Organisations are continuing to fall to attackers. There’s another spate of news headlines this month with yet another organisation suffering major damage to its reputation.There are two approaches to risk and impact, quantifying the loss or qualifying the loss and it’s hard to do either with something as intangible as loss of reputation. Consequently, this month I thought I would talk about security incident response (IR) and its role in protecting companies from undue harm.
Assume Breach is a tenet of the Microsoft PtH whitepaper and actually has been echoing around the industry for a while now. The Assume Breach mindset doesn’t necessarily mean that the organisation is in fact compromised, but the phrase is intended to urge organisations to take action to check if they have been the focus of an attacker. Further, it is intended to encourage organisations to look at their critical systems and data and the controls implemented to protect them from the viewpoint of the attacker. Many industry defenses are focused around preventative measures, but as no preventative measure can ever be completely successful at protecting against human adversaries, the industry is also focusing on improving detection capabilities.
In the light of recent high impact, high cost and highly visible attacks, and given that we now live in a world of targeted threats focused on specific organisations, success in today’s cyber world is measured by an organisation’s end to end strategy alongside the ability to rapidly detect and appropriately respond. From an experience perspective, personally I do not hold with the view that detection is the new prevention; rather it’s about an organisation’s end-to-end strategy. Of course, without detection there can be no response and in the case of many of the customers we work with the detection capability is startlingly low.
Often times, event logs are overwritten or not removed from machines in real-time, so the trail of evidence is either incomplete or missing in its entirety. This means the incident response team may not be able to find root cause or may miss indicators of compromise that will allow the attacker to persist inside the organisation on remediation. A predefined incident response process and an effective and efficient computer security incident response (CSIRT) team capable of protecting, detecting and responding to security-related incidents in a proactive manner is vital to minimizing loss and destruction to organisational assets and services.
Security incident response is the one of the key components in today’s information technology (IT) security programs when dealing with cybersecurity-related attacks. The industry uses a diverse set of terminology when referring to the various stages of an incident response lifecycle, but Microsoft uses Protect, Detect, Respond as the main phases, with the response phase broken down further as necessary as per the graphic below.

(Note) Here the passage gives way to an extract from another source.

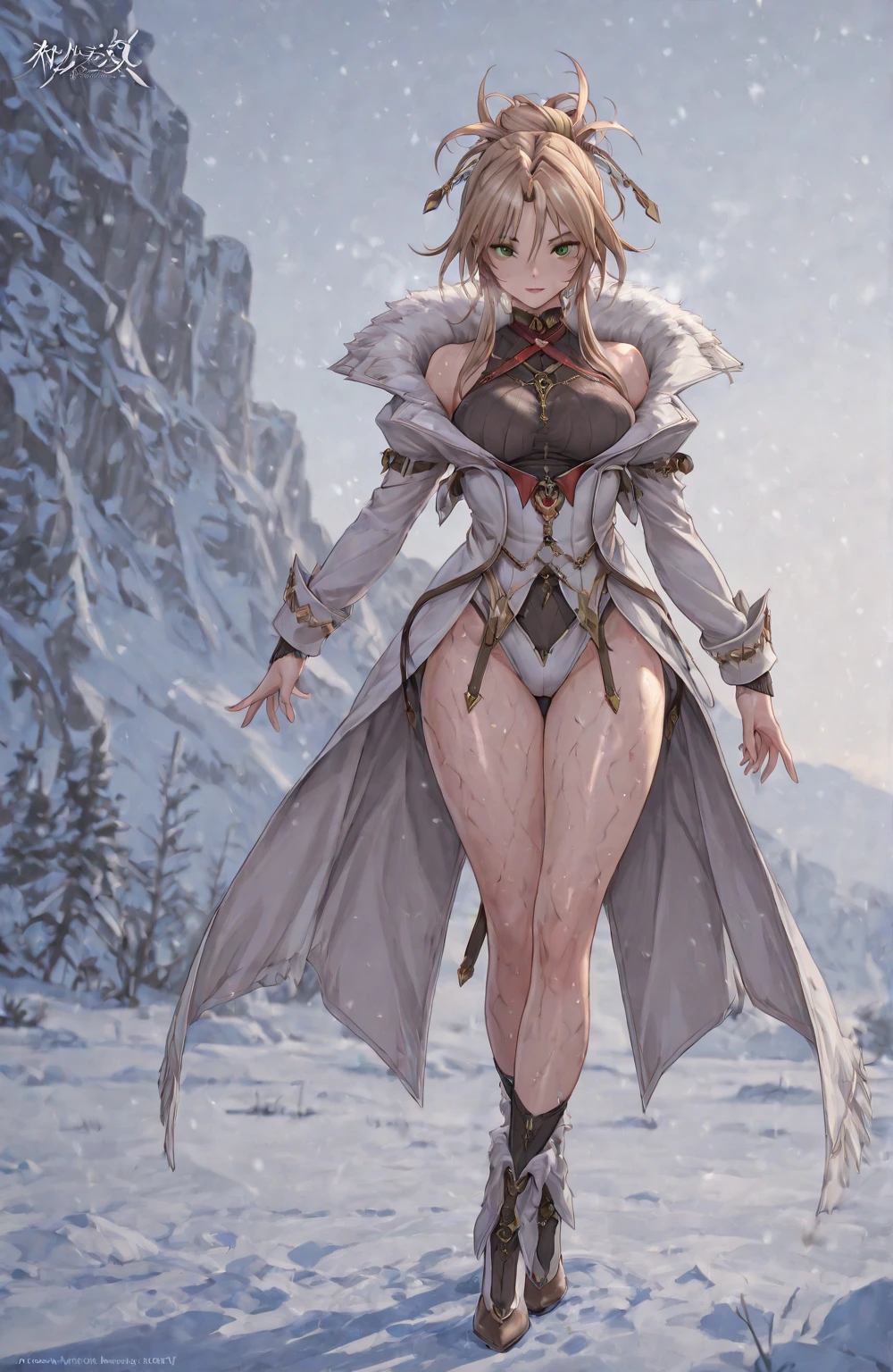 Masterpiece. Highly detailed. Beautiful artwork. Detailed lighting. Detailed background. Detailed women. Attractive women. NSFW. 1women. Nordic. Tall. Slim. medium length hair. blonde hair. Light blue eyes. Firm breasts. Milky White skin. Wolf fur cloak. Brown tight trousers. Small perky butt. Winter forest surroundings. Viking homes in the background.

The Protect phase reflects the existing people, process and tools put in place to counter the threats of concern to the organisation, the determination of which is done as part of regular risk and business impact assessments. Depending on whose statistic you read, an attacker’s meantime to compromise (MTTC) is in the range of 24 to 48 hours. This is the average time it takes for a hacker to decide to compromise the organisation and to be successful in his objective. Increasing the time it takes for a hacker to penetrate a company is the result of a well-planned defense in depth strategy. For example: A simple mitigation against compromised domain administrators? Don’t have any. Our best practice recommendations include using just in time administration (JITA) to keep the groups empty and add the administrator accounts only when needed to admin the domain and only for time required to perform the task. Audit for the attempted use of these accounts outside of change control and you have yourself a super detection mechanism for unauthorized use of highly privileged accounts.
The Detect phase has its own industry statistic in that, on average, the time it takes to detect the attacker in the organisation is anywhere from 100 to 280 days. From the data we have at Microsoft, we see that the average time for this detection is currently 229 days, which obviously gives the attacker the clear advantage. The detect phase needs to be focused on decreasing the mean-time to detection (MTTD) while an emphasis is placed on increasing the detection capability of the organisation and hence it’s detection maturity.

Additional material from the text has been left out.